Super Bowl, the most bet on event of the year
More money is bet on the Super Bowl than any other sporting event. Could a Super Bowl be fixed? You tell me.
Super Bowl III, the most crooked game in football history
When the New York Jets of the lowly American Football League defeated the mighty Baltimore Colts of the National Football League by the score of 16 to 7 on January 12, 1969, the football world was shocked. Had the Colts won this game, the NFL and the Super Bowl, as we know them, would not exist. The Jets reigning victorious in this game was the biggest conspiracy, and the biggest boost in the history of American business.
Colts Owner, Caroll Rosenbloom
According to an interview with former Colts defensive end Bubba Smith, Caroll Rosenbloom had a $3 million bet on the Jets. Rosenbloom was also one of the few NFL owners in favor of the NFL, AFL merger in 1970. A Colts victory would have killed any chance of a merger There was a lot of money riding on Super Bowl III.
Don Shula, Colts head coach
I don’t know what Don Shula had to gain from a Jets win, other than he was doing what Carroll Rosenbloom told him to do. It was kind of funny that the Colts ran the ball down the Jets’ throat during their opening series, and suddenly changed the play calling for the rest of the game. Also strange was the fact that Shula put legendary quarterback, Johnny Unitas in the game with six minutes remaining, and he led the Colts to their only touchdown. Unitas, a man of integrity, would never have thrown a game, but Shula decided to bench him and go with back up, Earl Morrall. I’m not implying that Morrall was crooked. I do believe Unitas would have thrown a touchdown pass to a wide open receiver, Jimmy Orr, that would have tied the game at 7 before the half. Morrall threw it right in Jets’ defensive back, Jim Hudson’s hands.
Joe Namath, running his mouth before the game
During the week of the game, Joe Namath spoke at the Miami Touchdown club, and guaranteed a win for the Jets, who were an 18 point underdog. The press crucified him for this. The Jets coach got all over his ass for running his big mouth. But he was able to back it up. Or, did he know something? If he did, he almost spilled the beans. Namath was no stranger to fixing games, considering he played at Alabama for the biggest fixer of all time, Paul “Bear” Bryant.
Major networks had everything to gain
If Super Bowl III was a fix, it was for millions, which changed into billions over the years. CBS was about to sign a new four year contract with the National Football League. Because of the dull style of football in the sixties, and the mis-match of the two leagues, they were starting to negotiate downward, from $750 million to $500 million. The first two Super Bowls had proven the American Football League to be inferior to the NFL. Super Bowl III changed this, and CBS eventually paid $1.5 billion.
NBC and ABC also had much to gain by the merger of the two leagues. NBC signed a TV contract with the new AFC, which mostly consisted of the teams from the old AFL. ABC negotiated a long run with “Monday Night Football”, and we all know how successful this was, and still is today on ESPN.

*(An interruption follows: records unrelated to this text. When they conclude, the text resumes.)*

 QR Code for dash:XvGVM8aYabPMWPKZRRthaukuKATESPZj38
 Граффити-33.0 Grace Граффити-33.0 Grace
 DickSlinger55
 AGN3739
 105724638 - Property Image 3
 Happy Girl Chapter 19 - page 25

Had the two leagues not merged, none of this would have taken place. Because of the superiority of the NFL over the AFL, the commissioner at the time was against the merger, and was thinking about the possibility of doing away with the Super Bowl. After the unlikely win by the Jets, and the merger, teams were adjusted to allow for more parity in professional football.
If you’ve never seen Super Bowl III, you can watch the entire game, as it originally aired, on YouTube.

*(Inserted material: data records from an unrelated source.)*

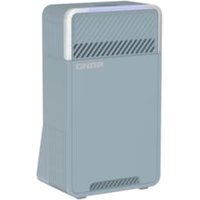 QNAP QMiro-201W Tri-Band Wi-Fi SD-WAN Router von QNAP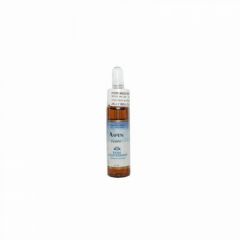 Comprare FORZA VITALE Fiori Mediterranei Pioppo Pioppo 10 ml Di 14,60€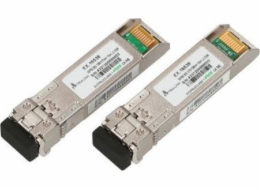 Moduly SFP28 25G WDM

Other possible Super Bowl fixes
Super Bowl XXIII I remember watching Super Bowl 23 very closely, when the San Francisco 49’ers defeated the Cincinnati Bengals, 20 to 16, on Joe Montana’s touchdown pass to receiver John Taylor with 39 seconds left. What I found odd about this game was that the 49’ers sat on the ball when they were leading, which was a good portion of the game. When the Bengals went ahead, the 49’ers always answered back with a score. I followed the 49’ers very closely during their glory days. What was strange was, every time they were the home team, they often won the game, but didn’t beat the point spread. On the road, they almost always beat the point spread. Call it a coincidence, but if you had bet against them at home,, and for them on the road, you’d be in pretty good financial shape today. Funny, but in Super Bowl 23, the 49’ers were the home team, since they wore the red jerseys.
Super Bowl XXX I remember Super Bowl 30 very well, especially Pittsburgh Steelers’ quarterback Neil O’Donnell. There were two plays that made the difference in this game. Without them, the Steelers win easily. O’Donnell threw two interceptions to Dallas Cowboys’ defensive back, Larry Brown. When I saw the second interception, I honestly thought it was a replay of the first interception. On both plays, there was no Steeler receiver in sight. O’Donnell threw the ball right into Brown’s hands. Both interceptions were returned deep in Pittsburgh territory. Dallas beat Pittsburgh, 27 to 17.
Super Bowl XXXVI If the fix was on in Super Bowl 36, I don’t see how it could have been just about money. Played in 2002, shortly after the 911 attack on the World Trade Center, the New England Patriots beat the St. Louis Rams, 20 to 17. This was the second most shocking upset in Super Bowl history, next to Super Bowl III. Before the game, no one had ever heard of Tom Brady. For some strange reason, it seemed like everyone wanted the Patriots to beat a much better team, to commemorate 911. I remember hearing this the week before the game constantly from the media.